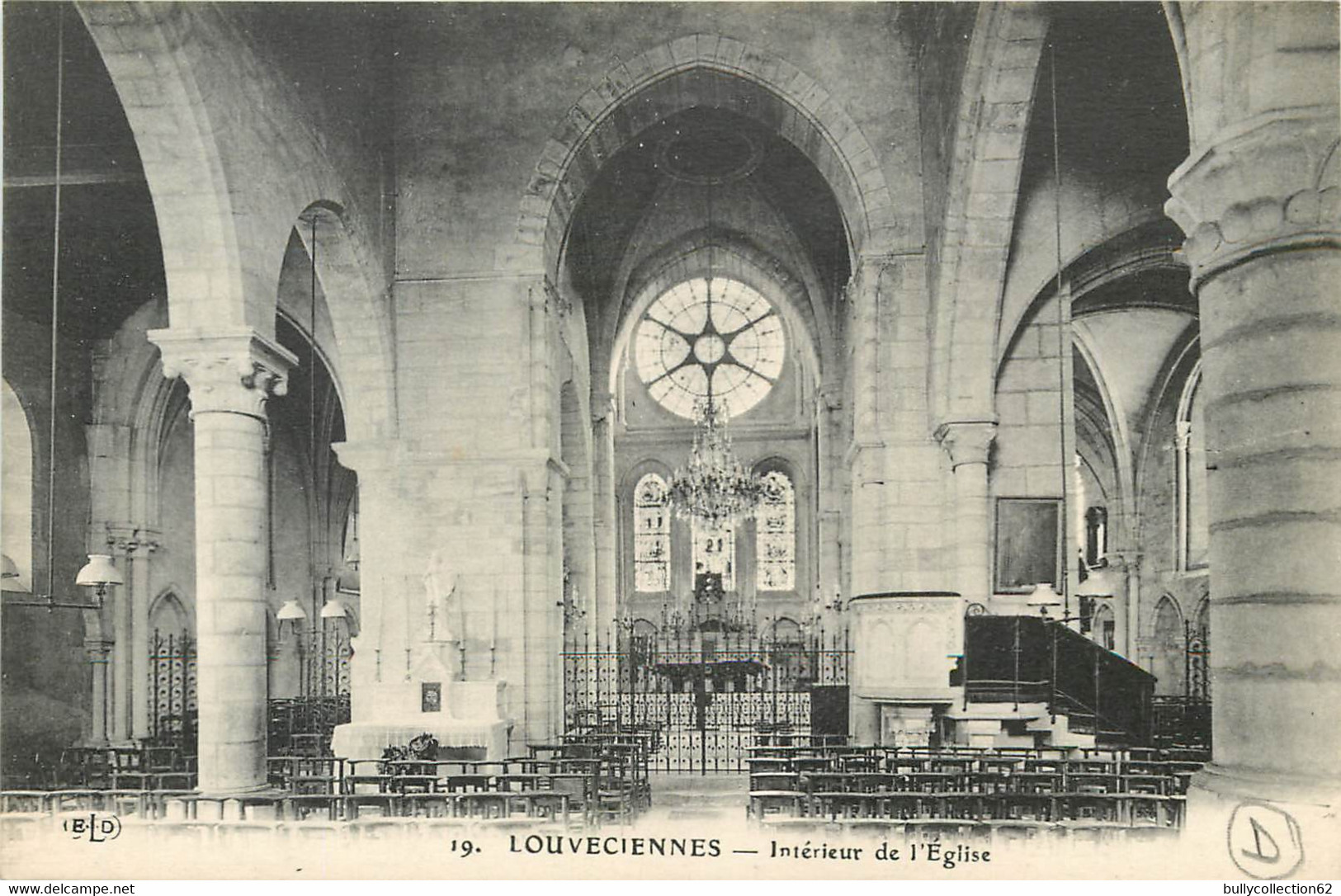CPA Louveciennes  78/1232 - Louveciennes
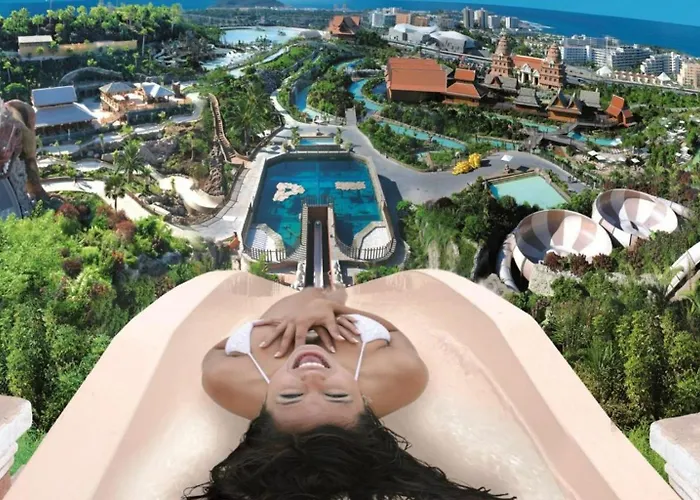 Penthouse 501 Gara Jonay Terrace Sea View Apartment *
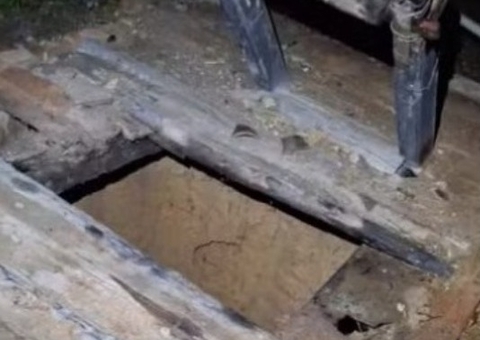 Idoso de 82 anos tenta pegar água para animais, cai em cisterna e morre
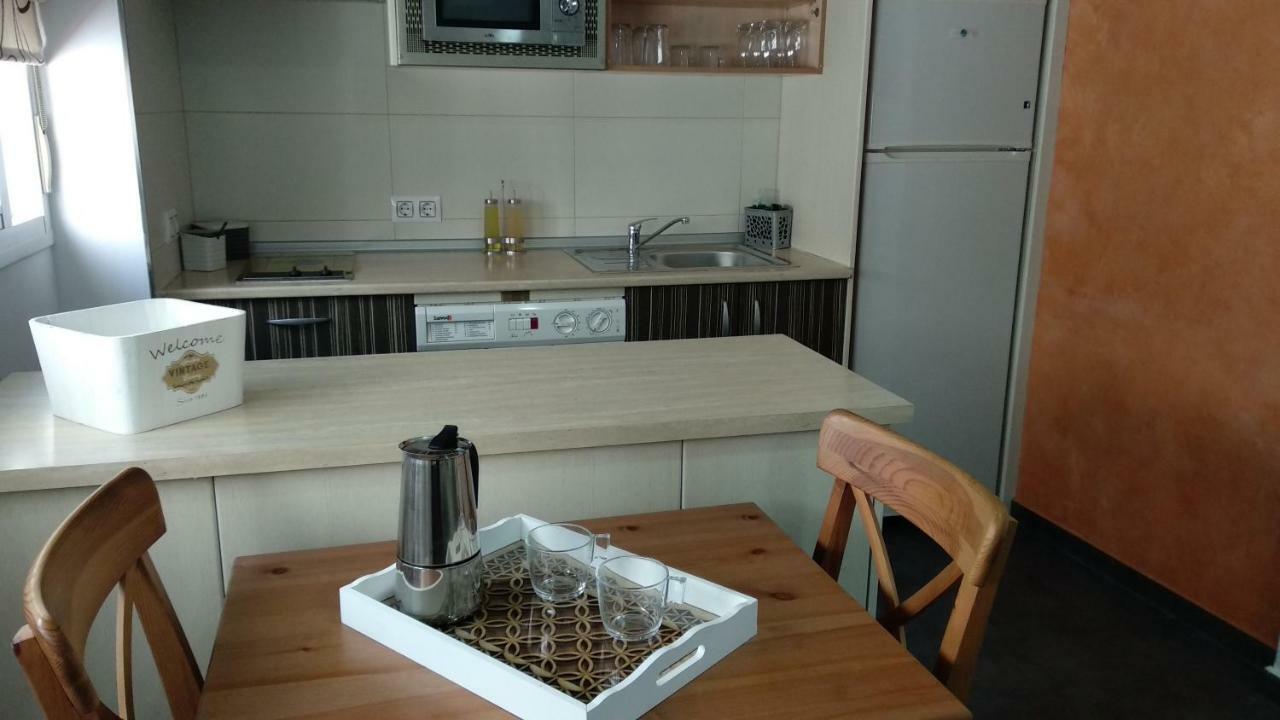 Apartamento Buenos Aires Cádis Exterior foto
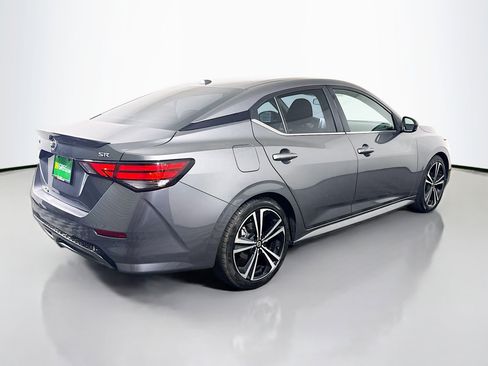 Used 2021 Nissan Sentra SR image 10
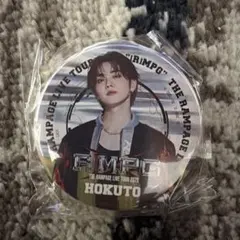 吉野北人　缶バッジ2個セット　ランペ　THE RAMPAGE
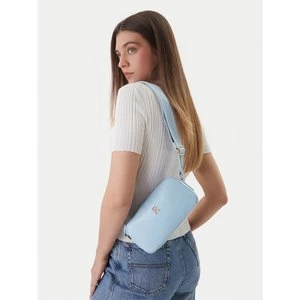 Obrázek produktu Kabelka Tommy Hilfiger Th Essential Camera Bag AW0AW18370 Světle modrá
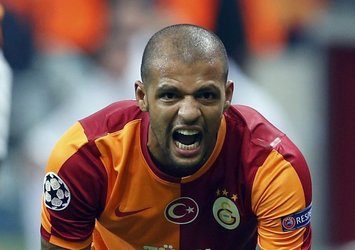 Felipe Melo'dan Fenerbahçelileri kızdıran paylaşım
────
WHAT YOU ARE ASKED TO DO –
Working from the listing above, retype it exactly but include no images.

EXERCISE SOLUTION –
CPA Louveciennes  78/1232 - Louveciennes
 Penthouse 501 Gara Jonay Terrace Sea View Apartment *
 Idoso de 82 anos tenta pegar água para animais, cai em cisterna e morre
 Apartamento Buenos Aires Cádis Exterior foto
 Used 2021 Nissan Sentra SR image 10
 吉野北人　缶バッジ2個セット　ランペ　THE RAMPAGE
 Obrázek produktu Kabelka Tommy Hilfiger Th Essential Camera Bag AW0AW18370 Světle modrá
 Felipe Melo'dan Fenerbahçelileri kızdıran paylaşım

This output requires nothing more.